On a related note, I simply will never understand paying large amounts of a stud fee to injury riddled sires that quit early on in their 3yo year. I don't care what the breeding was because it seems to me that you are just as likely to pass on the traits that caused the injury as you are any great lineage potential. I know there are exceptions there, the recently deceased Danzig comes quickly to mind, but it seems to me that this sort of breeding is the major contributor to the weakening of the breed. If I had mares to breed, (and of course intended to race the offspring rather than just unload them for some sucker down the line) I would have to think long and hard about sending them to any horse that didn't show success through his 4yo season at the least.

TravisVOX
01-09-2006, 10:43 PM
You're preaching to the choir OTM AL. I agree, unfortunately, the almighty dollar is driving these fools. They're ruining the breed.

JPinMaryland
01-14-2006, 05:12 PM
it's interesting discussion and hard to say how exactly unsoundness has come into the breed. For me it's something of a chicken/egg problem. If you look at the sire lines up until the early 70s there were still a lot of diverse lines still running, like the Negromonte line, some of the english lines, that line that had Nahsua, etc. Then all of a sudden it's Raise a Native; Nasrullah and Northern Dancer lines that are winning all the TC races.

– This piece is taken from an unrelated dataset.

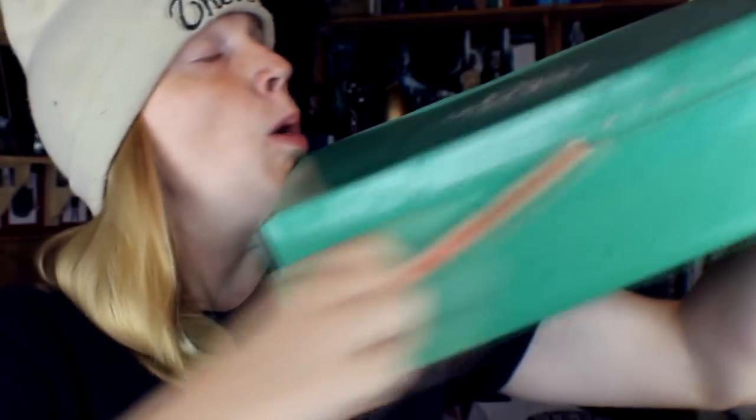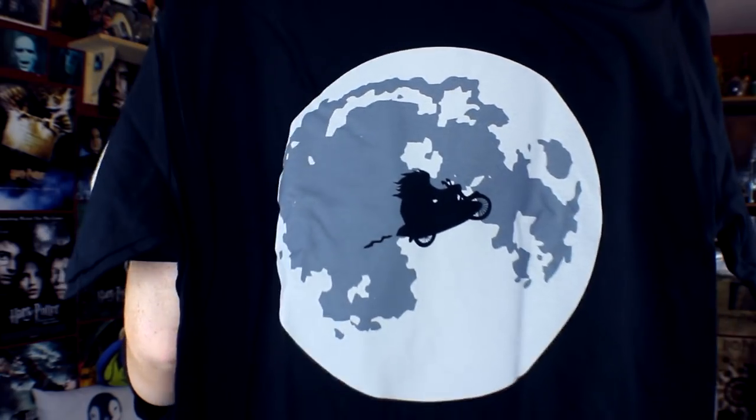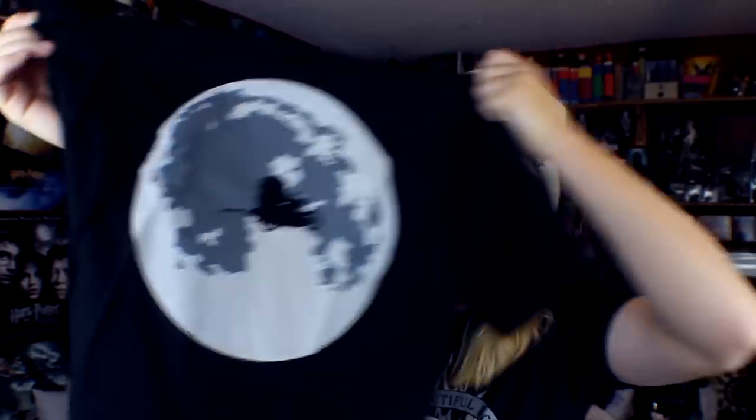All right, let's get into it! The first thing I've got here is a t-shirt. Oh my god, that is so cute — it's Hagrid on his little motorbike going over the moon. I actually really like how subtle it is, and I love black t-shirts, so I'm happy with that.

ANd it's at that pt. that I guess all the money starts going into those races and all the stud fees start jumping on those with precocious speed. So who to blame? The money or the lines themselves? Its possible that the Prince Rose line or the Broad Brush lines could have equally emerged, with equal amounts of stud fees being dumped on them and the same problem might happen.

Then again breakdowns seem to have been a part of the sport since the early days. But they do seem to run less and retire earlier these days.

OTM Al
01-16-2006, 06:15 PM
The unsoundness I'm talking about isn't inherant to a particular line per se. The top horses of those lines should continue them. Its just breeding any member of those line because they are of those line that causes the problems. Any line is going to have its weak spots which are getting coverd up by very short careers and lots of drugs. That is the breeding in of defects that I mean.

kenwoodallpromos
01-16-2006, 08:06 PM
"He might have bounced a little bit in the Breeders' Cup," Greely said Tuesday. "I can't really come up with any excuse other than he didn't fire. He did run two hard races." :sleeping:
No excuse other than he was overworked.
All horses are on notice- Win the #*$%^v BC race or no nookie! :lol:

Wiley
01-17-2006, 09:18 AM
No excuse other than he was overworked.

I guess it has come to this: the horse ran only 7 races prior to the BC classic and only 8 times as a three year old but this must now be considered a hard campaign by modern standards? Granted he did have two over the top runs in the Pacific Classic and the JCGC but I seriously doubt at the beginning of the year Greely expected this guy to be a strong BC contender so he did not set his training goals to win that race. His hand was forced to go in the BC race with the two late big wins.

kenwoodallpromos
01-17-2006, 11:09 AM
I understand but he is over 3 and was in big races as a 3 yr old. Seems as a trainer you have to expect the (positive) unexpected.

JPinMaryland
02-01-2006, 04:24 PM
it's interesting. I'm not sure I really buy into the theory that if he wins one or two more G1s his stud fees will go up a lot...Hmmm. If he wins one more Gr I I cant see how that changes anything. Now if he wins two more, then okay yeah, I guess...

But if this was really a good strategy for stud wouldnt everybody be doing it? WOuldnt we see more Tapit's and [insert name of favorite 3 yr. old here] out there campaigning at four? Hell it's just the opposite effect we see.

Could it be that the market for El Prado/Sadler's Wells progeny is just not real hot at the moment? I have no idea. just tossing out ideas. But Borrego's management is pretty interesting. Nice looking chesnut too.

Hmm, come to think of it, is it time for another "Where are they now thread?"